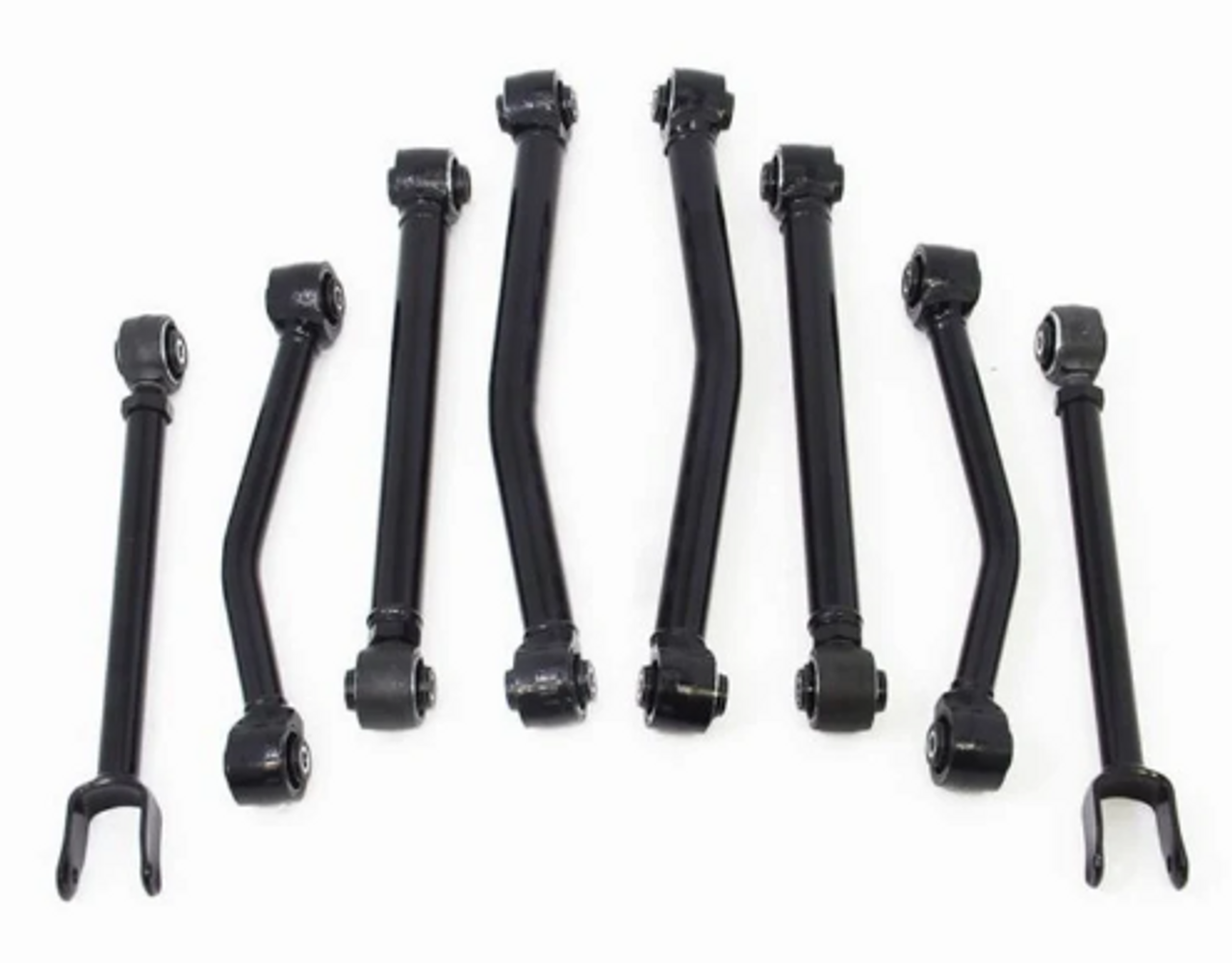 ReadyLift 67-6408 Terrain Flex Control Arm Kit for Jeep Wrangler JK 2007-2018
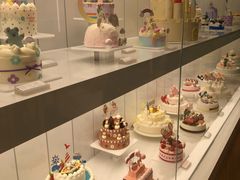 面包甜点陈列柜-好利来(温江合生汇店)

==

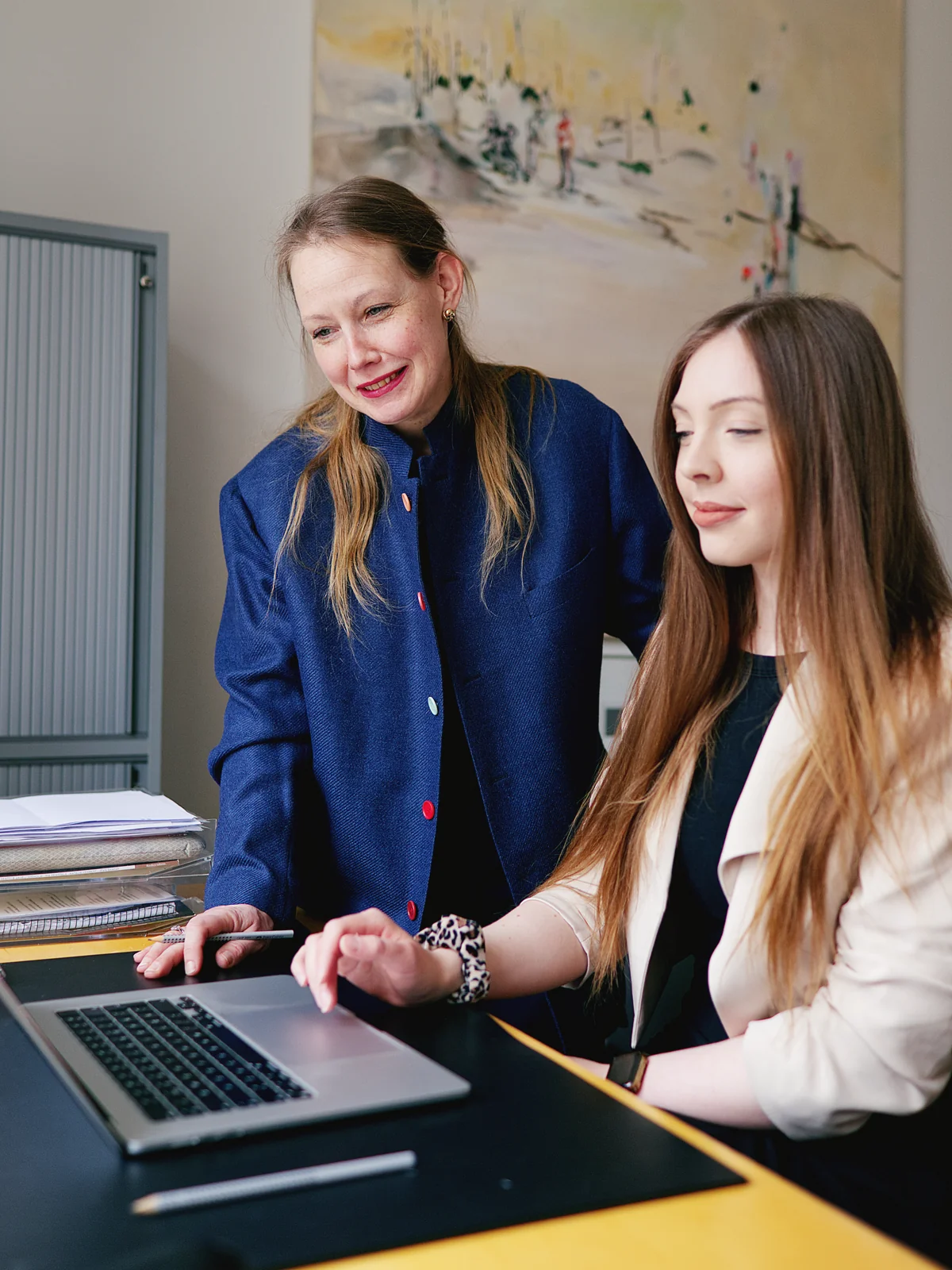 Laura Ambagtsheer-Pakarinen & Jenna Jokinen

...

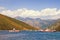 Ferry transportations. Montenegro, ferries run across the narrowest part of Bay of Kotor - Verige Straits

### Directions:
Beginning at the line above that contains "ReadyLift 67-6408 Terrain" and going on through the line that contains "面包甜点陈列柜-好利来(温江合生汇店)", please copy every line exactly, leaving the pictures out and adding nothing.

### Exercise solution:
 ReadyLift 67-6408 Terrain Flex Control Arm Kit for Jeep Wrangler JK 2007-2018
 面包甜点陈列柜-好利来(温江合生汇店)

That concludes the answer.